So What's The Special?

As we try and imagine what we should be ordering up after all that, it helps to refocus on the manna.  This heavenly sustenance was given daily and contained not only all the necessary nutrients, but was completely absorbed into the body without waste.  So great was this miracle that Moshe was commanded to place some manna in a jar and keep it before the ark in the Holy of Holies. It was to be remembered as a gift of perfection, resembling the shape of coriander seed and white like a pearl.  Simply put, it was a beautiful, wholesome food for life.

As we journey through our own wildernesses, with Mashiach as our guide, we need to be wary of where we are trying to go and what cravings we have.  Do we stop at times and look back at our past?  Do we attempt to walk down dead-end paths of the past, hoping to revisit or resurrect some whimsy - be it relationship oriented, career, habits, etc?
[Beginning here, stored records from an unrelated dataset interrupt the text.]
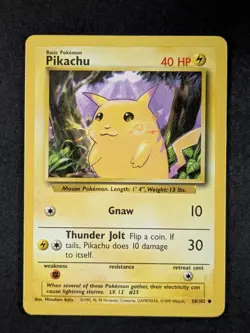 1999 Pokemon PIKACHU #58/102 Base Set Unlimited Common Vintage English - Image 1
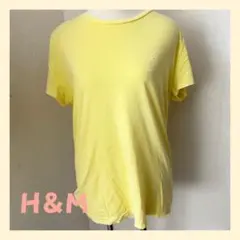 H＆M Tシャツ 半袖 ロゴTシャツ カットソー イエロー 黄色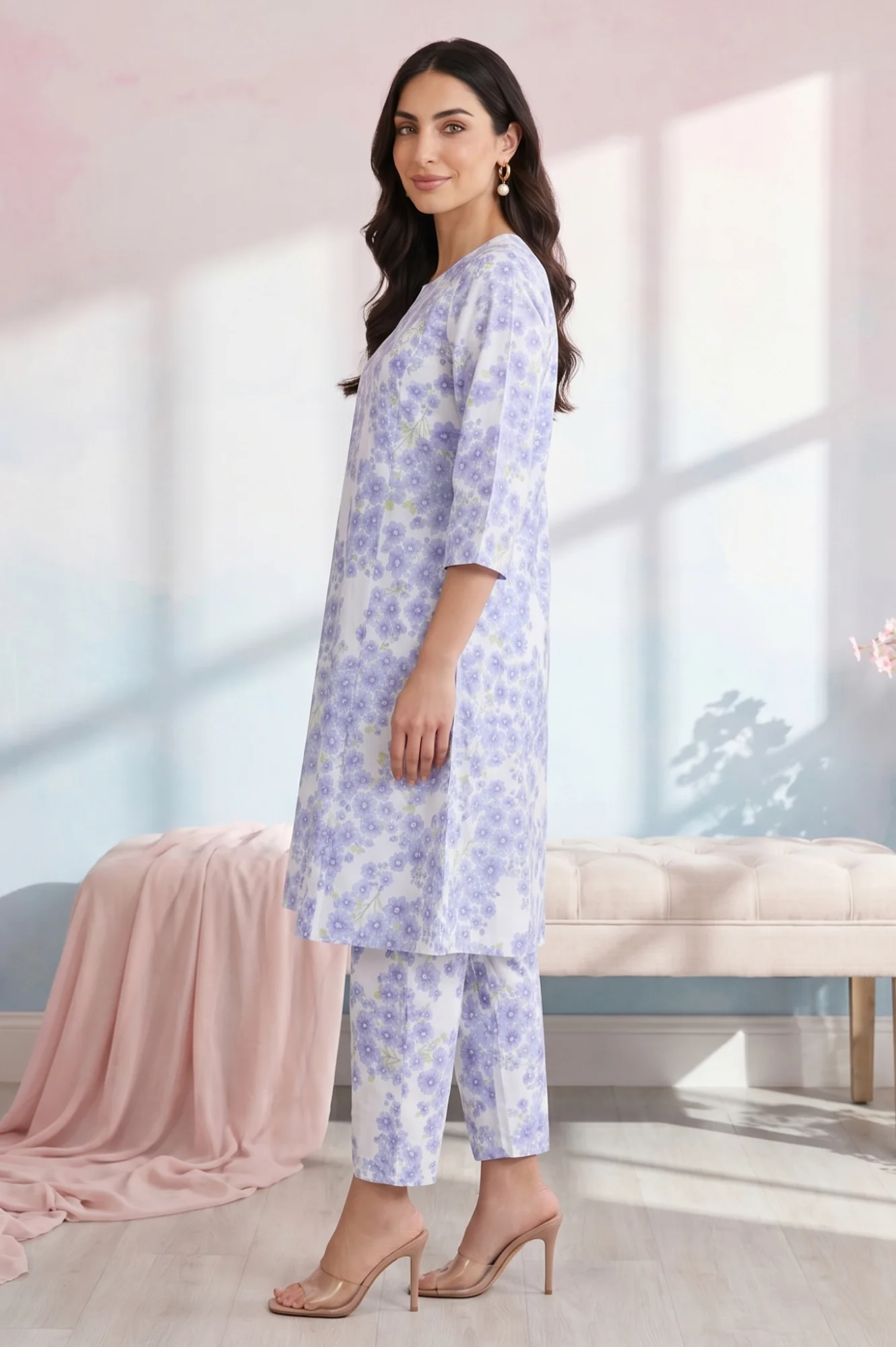 White Floral Printed Pure Cotton A-line Kurta - Image 4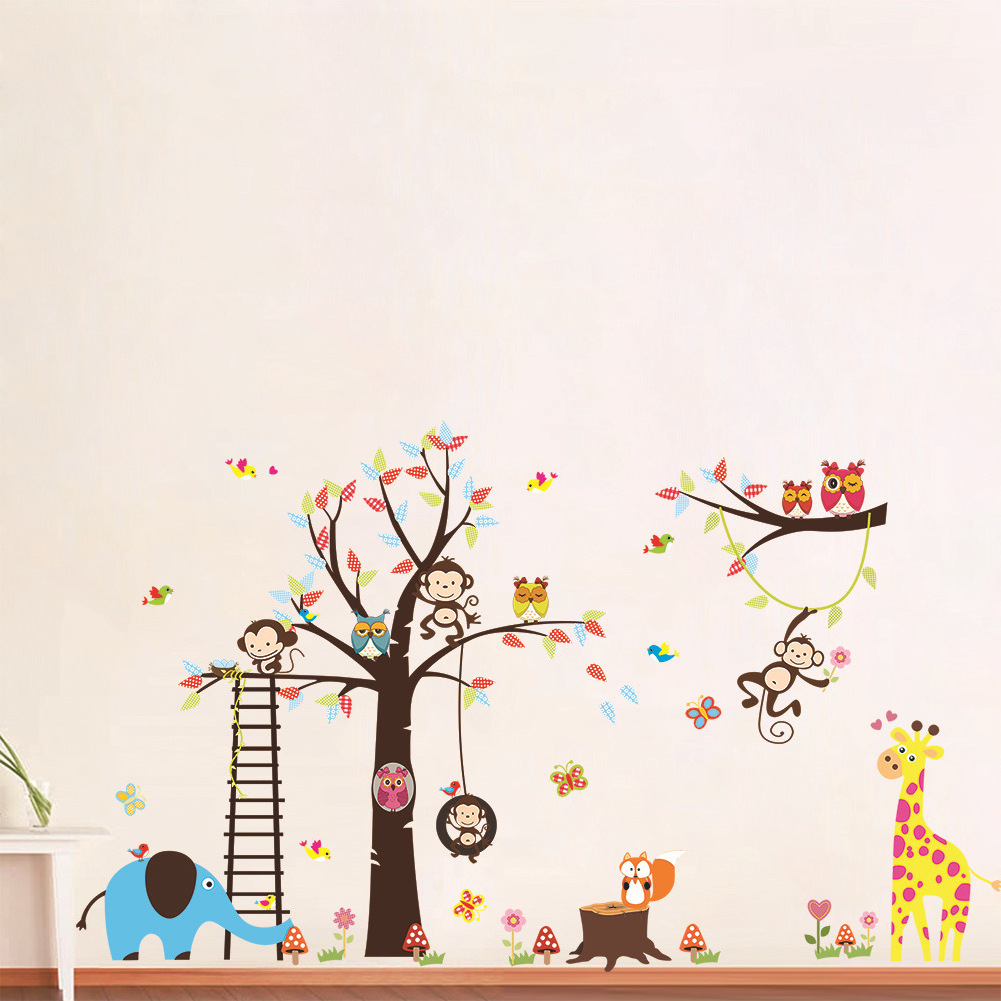 140*235cm Jungle Safari Forest Animal Cute PVC Wall Stickers New Arrival Hot Selling Wall Decals For Home Decor 1213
Or do we realize that our needs are being met, albeit within sometimes a sparse, desert environment.  Assessing our true blessings and gifts in our lives will not only keep us from reverting to pre-enlightened thinking/behavior, but will also springboard us forward into nourishing, life-changing experiences.  By realizing that the Torah is our manna, the inspiration of Mashiach gives us the energy to move forward, we truly have everything we need.

Indeed, the special of a lifetime.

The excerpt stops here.